Using 80 processors.

It took 168 secs to screen 3423400 sequences, removed 227.

[ERROR]: found 3423400 sequences in your fasta file, and 42813 sequences in your summary file, quitting.

mothur > remove.seqs(accnos=csp_bact.trim.contigs.good.unique.bad.accnos, count=csp_bact.trim.contigs.good.count_table)
Removed 0 sequences from csp_bact.trim.contigs.good.count_table.

Output File Names:
csp_bact.trim.contigs.good.pick.count_table

Could you be running out of disk space for the output files?

ERROR]: found 3423400 sequences in your fasta file, and 42813 sequences in your summary file, quitting.

The above error indicates the summary file was not completely written to file.
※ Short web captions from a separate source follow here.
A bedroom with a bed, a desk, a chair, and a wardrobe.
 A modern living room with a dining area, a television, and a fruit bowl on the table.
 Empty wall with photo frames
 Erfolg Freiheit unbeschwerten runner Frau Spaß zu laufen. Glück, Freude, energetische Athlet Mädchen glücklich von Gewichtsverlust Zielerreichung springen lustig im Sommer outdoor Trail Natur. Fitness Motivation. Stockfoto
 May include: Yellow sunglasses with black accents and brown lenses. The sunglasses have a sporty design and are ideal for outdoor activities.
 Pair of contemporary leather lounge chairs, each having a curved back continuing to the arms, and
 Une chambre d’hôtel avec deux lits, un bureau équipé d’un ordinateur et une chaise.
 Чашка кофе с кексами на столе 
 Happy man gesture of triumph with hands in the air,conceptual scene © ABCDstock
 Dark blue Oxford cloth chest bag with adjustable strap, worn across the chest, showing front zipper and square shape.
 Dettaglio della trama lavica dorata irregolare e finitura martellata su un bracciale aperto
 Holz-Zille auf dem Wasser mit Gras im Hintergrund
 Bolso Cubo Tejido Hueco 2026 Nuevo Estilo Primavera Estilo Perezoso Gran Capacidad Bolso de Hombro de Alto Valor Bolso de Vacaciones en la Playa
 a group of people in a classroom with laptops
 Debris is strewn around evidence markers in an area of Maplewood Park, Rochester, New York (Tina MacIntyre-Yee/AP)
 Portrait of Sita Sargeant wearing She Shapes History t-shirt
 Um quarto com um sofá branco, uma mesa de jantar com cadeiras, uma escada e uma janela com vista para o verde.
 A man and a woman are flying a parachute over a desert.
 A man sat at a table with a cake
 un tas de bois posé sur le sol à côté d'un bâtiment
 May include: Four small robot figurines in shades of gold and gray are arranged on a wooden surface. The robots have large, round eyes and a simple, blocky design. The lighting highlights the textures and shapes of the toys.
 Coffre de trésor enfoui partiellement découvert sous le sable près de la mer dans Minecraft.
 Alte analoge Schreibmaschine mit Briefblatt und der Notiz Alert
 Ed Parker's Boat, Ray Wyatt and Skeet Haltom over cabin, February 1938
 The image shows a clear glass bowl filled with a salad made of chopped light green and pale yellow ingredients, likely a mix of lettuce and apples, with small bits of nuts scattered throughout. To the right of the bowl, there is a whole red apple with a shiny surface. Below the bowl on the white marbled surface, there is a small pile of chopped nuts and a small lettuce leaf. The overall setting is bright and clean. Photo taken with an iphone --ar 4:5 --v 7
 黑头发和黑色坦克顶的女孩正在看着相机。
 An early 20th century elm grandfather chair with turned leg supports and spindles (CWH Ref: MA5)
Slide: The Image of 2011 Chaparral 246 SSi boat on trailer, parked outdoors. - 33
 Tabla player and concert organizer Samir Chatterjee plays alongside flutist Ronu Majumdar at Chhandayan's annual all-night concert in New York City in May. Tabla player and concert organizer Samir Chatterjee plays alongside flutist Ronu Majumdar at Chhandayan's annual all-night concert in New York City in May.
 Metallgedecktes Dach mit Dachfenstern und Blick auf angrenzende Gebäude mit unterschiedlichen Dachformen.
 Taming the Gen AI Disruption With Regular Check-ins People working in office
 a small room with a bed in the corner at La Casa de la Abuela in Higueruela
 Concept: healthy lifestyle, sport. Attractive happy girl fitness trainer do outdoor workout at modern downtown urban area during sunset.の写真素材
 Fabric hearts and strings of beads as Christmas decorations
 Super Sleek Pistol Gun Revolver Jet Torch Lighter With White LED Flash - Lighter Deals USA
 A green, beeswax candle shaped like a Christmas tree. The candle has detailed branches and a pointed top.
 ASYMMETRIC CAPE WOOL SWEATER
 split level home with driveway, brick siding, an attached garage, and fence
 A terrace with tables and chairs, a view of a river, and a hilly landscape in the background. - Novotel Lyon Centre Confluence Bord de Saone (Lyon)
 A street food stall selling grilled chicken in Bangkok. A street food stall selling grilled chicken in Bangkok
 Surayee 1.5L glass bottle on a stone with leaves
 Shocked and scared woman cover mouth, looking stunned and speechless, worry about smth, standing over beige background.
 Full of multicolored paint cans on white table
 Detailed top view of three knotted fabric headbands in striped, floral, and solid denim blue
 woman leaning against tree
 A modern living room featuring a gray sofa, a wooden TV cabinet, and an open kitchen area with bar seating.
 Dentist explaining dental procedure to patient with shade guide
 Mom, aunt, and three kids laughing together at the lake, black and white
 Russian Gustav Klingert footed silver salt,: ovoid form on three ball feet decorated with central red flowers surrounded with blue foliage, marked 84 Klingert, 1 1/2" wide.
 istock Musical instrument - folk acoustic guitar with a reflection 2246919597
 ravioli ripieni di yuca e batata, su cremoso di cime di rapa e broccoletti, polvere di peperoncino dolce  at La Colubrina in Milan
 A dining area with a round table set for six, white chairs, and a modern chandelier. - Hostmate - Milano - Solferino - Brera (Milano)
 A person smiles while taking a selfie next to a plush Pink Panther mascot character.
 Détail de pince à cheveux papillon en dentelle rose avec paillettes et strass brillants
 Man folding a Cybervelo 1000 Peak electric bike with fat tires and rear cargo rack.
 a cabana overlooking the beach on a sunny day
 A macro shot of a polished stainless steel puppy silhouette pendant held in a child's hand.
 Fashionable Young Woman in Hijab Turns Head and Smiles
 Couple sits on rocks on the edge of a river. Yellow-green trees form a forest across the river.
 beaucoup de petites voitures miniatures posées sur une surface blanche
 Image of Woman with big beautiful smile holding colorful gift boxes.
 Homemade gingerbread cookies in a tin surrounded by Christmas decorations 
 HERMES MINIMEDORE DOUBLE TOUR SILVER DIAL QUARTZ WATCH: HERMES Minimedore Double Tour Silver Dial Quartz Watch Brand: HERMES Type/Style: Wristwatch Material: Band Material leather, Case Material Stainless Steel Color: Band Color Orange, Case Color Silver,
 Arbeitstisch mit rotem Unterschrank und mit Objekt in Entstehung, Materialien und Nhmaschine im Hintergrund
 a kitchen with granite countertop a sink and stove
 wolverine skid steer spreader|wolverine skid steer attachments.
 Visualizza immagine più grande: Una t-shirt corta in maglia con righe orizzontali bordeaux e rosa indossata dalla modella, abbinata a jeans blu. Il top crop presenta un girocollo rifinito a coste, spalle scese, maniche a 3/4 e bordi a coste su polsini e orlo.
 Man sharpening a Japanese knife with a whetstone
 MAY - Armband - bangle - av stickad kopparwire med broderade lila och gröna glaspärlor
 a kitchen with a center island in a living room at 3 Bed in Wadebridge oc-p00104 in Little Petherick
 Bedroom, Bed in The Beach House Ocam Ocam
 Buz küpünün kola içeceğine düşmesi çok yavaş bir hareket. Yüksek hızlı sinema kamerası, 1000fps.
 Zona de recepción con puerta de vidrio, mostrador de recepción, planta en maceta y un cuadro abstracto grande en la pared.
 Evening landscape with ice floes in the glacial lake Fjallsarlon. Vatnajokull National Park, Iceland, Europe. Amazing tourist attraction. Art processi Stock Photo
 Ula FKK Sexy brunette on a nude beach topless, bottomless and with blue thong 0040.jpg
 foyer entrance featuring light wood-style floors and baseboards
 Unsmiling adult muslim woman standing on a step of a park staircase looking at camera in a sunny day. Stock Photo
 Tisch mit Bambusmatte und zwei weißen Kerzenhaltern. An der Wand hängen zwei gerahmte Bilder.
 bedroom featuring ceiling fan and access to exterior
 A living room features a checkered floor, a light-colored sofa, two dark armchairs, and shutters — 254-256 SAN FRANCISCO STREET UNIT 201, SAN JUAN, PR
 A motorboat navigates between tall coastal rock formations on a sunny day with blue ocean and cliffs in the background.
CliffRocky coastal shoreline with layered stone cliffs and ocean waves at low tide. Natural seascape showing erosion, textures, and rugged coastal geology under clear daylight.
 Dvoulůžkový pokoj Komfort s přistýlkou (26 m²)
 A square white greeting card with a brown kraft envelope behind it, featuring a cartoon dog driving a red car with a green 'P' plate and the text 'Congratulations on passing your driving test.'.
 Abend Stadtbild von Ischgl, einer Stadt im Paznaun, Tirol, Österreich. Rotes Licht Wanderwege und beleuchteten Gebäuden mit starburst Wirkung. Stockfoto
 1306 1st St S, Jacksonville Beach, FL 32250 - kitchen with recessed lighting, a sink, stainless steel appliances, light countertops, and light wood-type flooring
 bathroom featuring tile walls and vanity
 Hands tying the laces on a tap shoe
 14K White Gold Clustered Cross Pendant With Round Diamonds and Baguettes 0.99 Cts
That’s possible. I’ll check.
Thanks so much for all of the quick responses.
I really appreciate it.

1 Like

I moved the files to a larger cluster and re-ran the screen-seqs command and it worked! I guess that was the issue! Thank you so much for the help!

1 Like

This topic was automatically closed 10 days after the last reply. New replies are no longer allowed.